One ordinary woman has an extraordinary encounter with God, and Northwestern’s Drama Ministries Ensemble gets to travel the country sharing that story.
This year, DME is putting on an hour-long play about Arlene Schuiteman, a woman who spent much of her life as a missionary nurse in the South Sudan. Her story is a powerful one and has been turned into a book as well as a play by the group’s director, theatre professor Jeff Barker. Barker met Arlene years ago, and has written many plays about her stories being a missionary in multiple countries.
The first play is called “Sioux Center Sudan,” and that is what DME is performing this year. There are nine students in DME, including stage manager freshman Shonna Ritz.
“I think the play has a good mix of heartbreaking moments and laughter where I just can’t help but chuckle at some of the things,” Ritz said. “It has a wonderful message about an even more wonderful lady.”
Junior Maverick Risley, the only returning DME member, agrees.
“It is a really well-written story and I think it keeps the audience engaged, and triggers a call and response,” Risley said. “I don’t think the best fairy tales could end better than this play does.”
For years DME has alternated between performing biblical stories and telling contemporary stories of God at work. Barker has been very excited to get to do Sioux Center Sudan this year.
“I watched the play 10 times over break and I never got tired of it,” Barker said. “When the character Arlene says, ‘Is this what God meant all along?’ the image still brings tears to my eyes.”
Over spring break, the troup got the opportunity to travel to New York, performing along the way in places like Holland, Michigan; Geneva College in Beaver Falls, Pennsylvania; and Bronx, New York.
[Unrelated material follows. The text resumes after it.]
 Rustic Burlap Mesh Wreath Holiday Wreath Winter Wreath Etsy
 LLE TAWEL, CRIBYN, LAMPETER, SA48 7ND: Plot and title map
“The tour was exhausting and very challenging but unbelievably rewarding,” Risley said. “We have grown as individuals and as a team, and we have become a family. It was a very long string of constantly doing stuff and so it was exhausting, but going through that, it was even more rewarding seeing the impact that the show had on the individuals that came to see it.”
Ritz agrees. “The most exciting part of DME has been the tour and getting to experience a bunch of things you can’t experience in Orange City, like the people, the cities, the food, all of it has been awesome,” Ritz said. “Especially being from Orange City, there is a lot I don’t know about the world, so this has helped me be more culturally aware.”
If anyone did not get the chance to see DME present “Sioux Center Sudan” on campus, there are still a few more opportunities. The group will be performing at a few churches in nearby towns, and they will be traveling to Dubuque Seminary at the beginning of April.
Also, the book “Sioux Center Sudan” can be bought at the theatre office, or on Amazon.